O'Neill's The Dog, Parenthetically Speaking.

My seminar students and I recently finished discussing Joseph O'Neill's The Dog.  O'Neill is a TCK, and his protagonist is one too.  The novel is set in Dubai,  the epitome of an expat-dense metropolis that is a breeding ground for TCK experiences.

In recent years, I have been working on the kinds of stylistic quirks that characterize third culture novels.  Chiefly, so far, I have worked on time lines that are disrupted by spatial and geographical clusters.

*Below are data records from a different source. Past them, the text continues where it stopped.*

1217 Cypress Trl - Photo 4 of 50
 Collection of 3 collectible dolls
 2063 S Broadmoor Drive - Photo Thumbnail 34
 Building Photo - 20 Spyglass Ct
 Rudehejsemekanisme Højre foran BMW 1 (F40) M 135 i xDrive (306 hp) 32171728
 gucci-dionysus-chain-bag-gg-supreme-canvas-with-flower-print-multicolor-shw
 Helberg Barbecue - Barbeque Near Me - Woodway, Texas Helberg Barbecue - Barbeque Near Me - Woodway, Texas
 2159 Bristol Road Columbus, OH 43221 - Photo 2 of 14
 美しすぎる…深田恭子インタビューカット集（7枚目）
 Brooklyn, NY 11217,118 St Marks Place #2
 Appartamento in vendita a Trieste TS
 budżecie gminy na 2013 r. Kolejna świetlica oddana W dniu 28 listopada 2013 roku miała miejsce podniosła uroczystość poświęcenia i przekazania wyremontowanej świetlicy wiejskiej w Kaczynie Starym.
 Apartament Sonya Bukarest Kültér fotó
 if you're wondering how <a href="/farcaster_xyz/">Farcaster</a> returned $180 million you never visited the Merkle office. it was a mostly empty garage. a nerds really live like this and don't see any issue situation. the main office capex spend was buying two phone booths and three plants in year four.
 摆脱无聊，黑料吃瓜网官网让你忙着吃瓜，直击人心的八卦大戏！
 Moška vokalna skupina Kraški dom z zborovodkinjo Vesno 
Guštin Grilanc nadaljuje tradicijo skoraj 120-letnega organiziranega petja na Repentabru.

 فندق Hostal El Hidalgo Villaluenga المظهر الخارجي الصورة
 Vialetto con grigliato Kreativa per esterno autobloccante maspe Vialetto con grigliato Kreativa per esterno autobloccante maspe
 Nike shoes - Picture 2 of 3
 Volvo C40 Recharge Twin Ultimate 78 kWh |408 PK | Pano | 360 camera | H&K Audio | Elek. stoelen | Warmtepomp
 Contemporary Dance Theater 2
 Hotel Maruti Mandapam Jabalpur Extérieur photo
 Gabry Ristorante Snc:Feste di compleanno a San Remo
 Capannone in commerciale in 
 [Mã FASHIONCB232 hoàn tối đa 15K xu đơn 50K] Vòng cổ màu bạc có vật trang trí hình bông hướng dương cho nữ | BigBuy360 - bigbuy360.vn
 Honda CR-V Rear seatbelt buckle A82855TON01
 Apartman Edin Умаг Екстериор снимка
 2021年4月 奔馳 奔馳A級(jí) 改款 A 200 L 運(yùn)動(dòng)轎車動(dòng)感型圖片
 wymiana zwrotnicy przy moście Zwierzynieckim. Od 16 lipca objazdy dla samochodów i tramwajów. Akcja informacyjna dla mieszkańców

I was especially excited, then, to have my students notice and discuss parentheses in The Dog.  They abound!  (And I have been told more than once that I use brackets far too often, so I wonder if there is a TCKness in the grammar of parenthesis?). [grammatical pun intended]

In The Dog, O'Neill often embeds so many parentheses (brackets) inside each other over the course of a paragraph that it will close like this ".)))" or this ".))))))" (72, 190 and 203).  Whoa!  It's like Sterne's Tristram Shandy writ all parenthethical!

Theories:

-This is Stream of Consciousness (Abby Messer).  Interesting!  I wonder.  I have thought about Virginia Woolf and The Waves in the context of TCK narrative, but not conclusively.  This makes me ask questions afresh. What makes modernist stream of consciousness different from this repeated intrusion of new detail?  Woolf does not bracket, she just flows.  So, perhaps the very brackets themselves, as visually they separate each little pod of information, emphasisng TCK disconnection while also evoking the jumbles and juxtapositions that characterise TCK experience.

-These are confidential asides which the protagonist proffers the reader because he is so lonely and needs to make a connection (Cyndi Koster).  Well, that's compelling and very TCK (TCKs can tend to be isolated).

-These repeated, excessive brackets just make the narrator look ridiculous (Koster again).  Yes.  True.  This returns us to satirist Sterne in my quip above, reminding us, importantly, that The Dog is satirical: it satirises expats, and Dubai, and travel narratives, and murder mysteries and lawyers and epistolary novels (so many unsent emails) , and yes, perhaps also the experience of TCKness itself.

And by the way, all those unsent emails seem like an uncanny echo of Van Reken's Letters Never Sent, don't they?